Visit `localhost:5000` to access the web interface:

![SKLearn ML Modelserver](https://github.com/mpolinowski/i-know-flowers/blob/master/STEP3_Webfrontend_Deployment/static/images/README_01.webp)

Select the model you want to use and upload a close-up photo of a flower contained in the map classes the model was trained on.

### SGD Classifier

The Stochastic Gradient Descent classifier was trained to an accuracy of `29.4%` over all 45 class labels:

![SKLearn ML Modelserver](https://github.com/mpolinowski/i-know-flowers/blob/master/STEP3_Webfrontend_Deployment/static/images/README_02.webp)

### kNN Classifier

The k-Nearest-Neighbors classifier was trained to an accuracy of `36.7%` over all 45 class labels. As seen from the confusion matrix the confusion is much more localized to a handful of classes and could probably be remedied by cleaning up / extending the dataset for those classes:

![SKLearn ML Modelserver](https://github.com/mpolinowski/i-know-flowers/blob/master/STEP3_Webfrontend_Deployment/static/images/README_03.webp)

### Dataset

Under the __About__ tab you see an overview of all included classes and samples of the images used to train the classifiers - all images used were taken from the [Flowers102 Dataset](https://www.robots.ox.ac.uk/~vgg/data/flowers/102/index.html):

![SKLearn ML Modelserver](https://github.com/mpolinowski/i-know-flowers/blob/master/STEP3_Webfrontend_Deployment/static/images/README_04.webp)

## Build your own Classifier

### Step 0 - Dataset Preprocessing

Collect images and place them into sub folders in `/STEP0_Dataset_Preprocessing/labelled_data` based on their classes. Go though the [Python notebook](/STEP0_Dataset_Preprocessing) to prepare the dataset pickle.

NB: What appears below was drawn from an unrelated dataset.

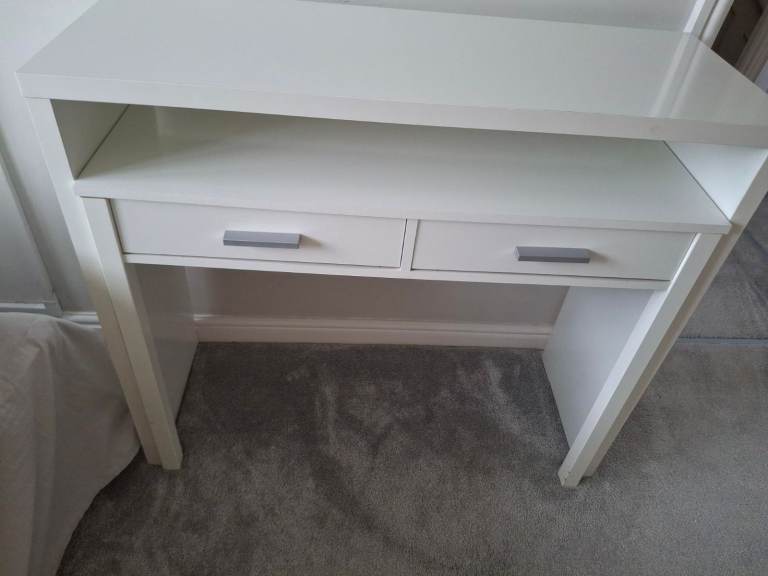 White DESK DRESSING TABLE with x2 DRAWERS extendable 2 in 1. W37cm/L98.5cm/H34.5cm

### Step 1 - SGD Model Preparation

The [next step](/STEP1_SGD_01_Model_Preparation) is to prepare your data by performing a train/test-split and extract a feature vector from each image using the Hog transformer. Prepare the SGD Classifier (can be replaced with any classifier from SKLearn that you want to use). Fit it to the feature vectors from your dataset.

Once you have a working model perform a grid search to find the optimal hyperparameter. Re-fit the model using those parameter and export the trained model ready for deployment.

### Step 1 - SGD Model Prediction Pipeline

In the [next step](/STEP1_SGD_02_Model_Prediction_Pipeline) you need to develop the prediction pipeline that you will use for the Flask App Prediction API later on.

### Step 2 - And so on...

Add as many classifiers as you need to find one that performs the best - I added the k-Nearest-Neighbors classifier that outperformed the SGD model. Depending on your dataset you might experience the opposite or need another classifier all-together.

### Step 3 - Deployment

With those models prepared we need a [Flask Backend](/STEP3_Webfrontend_Deployment) to serve them as a prediction API with a simple HTML user interface. Add routes for your own classifiers - if you added them above. And jump back up to [Quickstart](#quickstart) to build and deploy your service container!

#### Potential Error

If you see error messages like the following when trying to start your container:

> `/usr/local/lib/python3.11/site-packages/sklearn/base.py:347: InconsistentVersionWarning: Trying to unpickle estimator SGDClassifier from version 1.2.2 when using version 1.3.0. This might lead to breaking code or invalid results. Use at your own risk. For more info please refer to:
https://scikit-learn.org/stable/model_persistence.html#security-maintainability-limitations`

> `AttributeError: Can't get attribute 'ManhattanDistance' on `

Make sure that the version of Scikit-Learn on your system is identical to the version installed inside the container! Edit the version used in `requirements.txt` accordingly.